Web page caption snippets
_ _ _ _ _

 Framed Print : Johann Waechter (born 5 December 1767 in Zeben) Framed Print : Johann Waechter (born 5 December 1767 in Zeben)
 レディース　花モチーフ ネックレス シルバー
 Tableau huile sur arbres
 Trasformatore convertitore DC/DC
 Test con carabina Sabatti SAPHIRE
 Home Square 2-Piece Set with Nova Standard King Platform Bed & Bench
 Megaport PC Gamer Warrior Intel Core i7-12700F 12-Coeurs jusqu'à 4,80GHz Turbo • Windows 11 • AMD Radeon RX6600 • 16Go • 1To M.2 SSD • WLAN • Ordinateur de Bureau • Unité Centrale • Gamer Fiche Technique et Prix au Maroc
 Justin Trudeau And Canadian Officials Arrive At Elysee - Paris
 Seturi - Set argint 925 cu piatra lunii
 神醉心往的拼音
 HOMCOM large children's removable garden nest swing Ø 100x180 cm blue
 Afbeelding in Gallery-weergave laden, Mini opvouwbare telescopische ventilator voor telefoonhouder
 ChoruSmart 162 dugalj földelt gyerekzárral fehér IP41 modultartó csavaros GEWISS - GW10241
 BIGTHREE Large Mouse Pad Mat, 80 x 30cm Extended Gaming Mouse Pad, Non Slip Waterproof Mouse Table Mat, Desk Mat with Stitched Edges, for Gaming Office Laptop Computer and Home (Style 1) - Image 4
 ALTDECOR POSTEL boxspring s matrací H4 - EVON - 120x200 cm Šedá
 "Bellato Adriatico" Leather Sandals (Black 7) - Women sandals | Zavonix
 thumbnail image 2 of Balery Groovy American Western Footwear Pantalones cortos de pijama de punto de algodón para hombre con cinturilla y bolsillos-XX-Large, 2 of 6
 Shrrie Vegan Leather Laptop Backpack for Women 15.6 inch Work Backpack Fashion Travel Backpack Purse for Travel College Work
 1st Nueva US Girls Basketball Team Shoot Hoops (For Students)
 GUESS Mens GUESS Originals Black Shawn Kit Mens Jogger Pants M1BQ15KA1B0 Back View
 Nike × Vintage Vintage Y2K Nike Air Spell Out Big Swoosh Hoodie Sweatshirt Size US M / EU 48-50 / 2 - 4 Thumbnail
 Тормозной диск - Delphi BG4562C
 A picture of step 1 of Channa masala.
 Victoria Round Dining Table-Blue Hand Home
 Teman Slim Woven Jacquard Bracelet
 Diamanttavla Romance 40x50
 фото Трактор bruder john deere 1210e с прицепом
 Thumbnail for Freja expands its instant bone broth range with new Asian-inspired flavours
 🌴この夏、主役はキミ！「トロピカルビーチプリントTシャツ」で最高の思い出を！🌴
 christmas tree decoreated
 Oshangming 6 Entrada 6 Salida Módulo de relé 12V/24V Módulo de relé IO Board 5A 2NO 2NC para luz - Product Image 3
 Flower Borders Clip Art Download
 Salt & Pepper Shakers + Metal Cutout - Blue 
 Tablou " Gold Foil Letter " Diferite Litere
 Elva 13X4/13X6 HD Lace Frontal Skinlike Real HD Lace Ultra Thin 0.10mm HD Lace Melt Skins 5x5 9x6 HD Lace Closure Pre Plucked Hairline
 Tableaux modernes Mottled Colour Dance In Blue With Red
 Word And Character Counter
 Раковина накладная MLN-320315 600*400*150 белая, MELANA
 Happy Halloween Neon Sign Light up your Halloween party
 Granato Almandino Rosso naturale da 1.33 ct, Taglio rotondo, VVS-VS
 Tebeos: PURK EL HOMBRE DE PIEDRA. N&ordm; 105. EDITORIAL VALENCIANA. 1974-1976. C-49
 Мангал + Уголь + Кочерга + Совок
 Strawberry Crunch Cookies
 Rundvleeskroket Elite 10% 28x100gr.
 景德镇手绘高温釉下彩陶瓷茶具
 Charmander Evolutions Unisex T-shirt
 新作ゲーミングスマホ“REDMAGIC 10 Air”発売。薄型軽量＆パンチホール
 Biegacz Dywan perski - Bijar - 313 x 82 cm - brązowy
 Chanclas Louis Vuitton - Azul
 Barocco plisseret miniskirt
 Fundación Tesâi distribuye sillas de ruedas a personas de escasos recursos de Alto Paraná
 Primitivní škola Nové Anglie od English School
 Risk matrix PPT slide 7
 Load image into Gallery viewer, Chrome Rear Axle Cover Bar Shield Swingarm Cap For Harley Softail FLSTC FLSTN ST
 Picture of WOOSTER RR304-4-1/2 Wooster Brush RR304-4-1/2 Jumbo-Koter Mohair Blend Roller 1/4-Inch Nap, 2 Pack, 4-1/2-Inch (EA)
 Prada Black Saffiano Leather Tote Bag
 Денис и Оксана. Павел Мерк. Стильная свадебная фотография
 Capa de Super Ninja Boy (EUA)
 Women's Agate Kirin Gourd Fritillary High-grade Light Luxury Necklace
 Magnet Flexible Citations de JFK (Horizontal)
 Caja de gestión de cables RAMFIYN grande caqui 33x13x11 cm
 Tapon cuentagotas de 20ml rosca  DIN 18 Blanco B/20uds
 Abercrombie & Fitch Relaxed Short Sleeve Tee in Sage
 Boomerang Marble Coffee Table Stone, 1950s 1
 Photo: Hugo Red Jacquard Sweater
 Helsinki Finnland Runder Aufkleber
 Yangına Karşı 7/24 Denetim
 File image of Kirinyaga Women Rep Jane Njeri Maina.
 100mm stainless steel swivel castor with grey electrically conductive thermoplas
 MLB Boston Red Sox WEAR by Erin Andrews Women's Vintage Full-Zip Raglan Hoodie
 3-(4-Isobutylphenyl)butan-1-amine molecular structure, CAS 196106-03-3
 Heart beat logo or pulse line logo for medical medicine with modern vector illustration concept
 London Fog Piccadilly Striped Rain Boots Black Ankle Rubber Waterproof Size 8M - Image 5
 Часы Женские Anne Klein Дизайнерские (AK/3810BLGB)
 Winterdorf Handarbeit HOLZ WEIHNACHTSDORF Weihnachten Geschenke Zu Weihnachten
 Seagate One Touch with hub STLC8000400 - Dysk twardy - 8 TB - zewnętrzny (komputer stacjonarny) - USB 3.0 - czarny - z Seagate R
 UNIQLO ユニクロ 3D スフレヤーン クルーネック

_ _ _ _ _

#### [Your goal]
Wherever the string "Light" occurs in the entries, copy that whole line.

#### [Solution to this task]
 Happy Halloween Neon Sign Light up your Halloween party
 Women's Agate Kirin Gourd Fritillary High-grade Light Luxury Necklace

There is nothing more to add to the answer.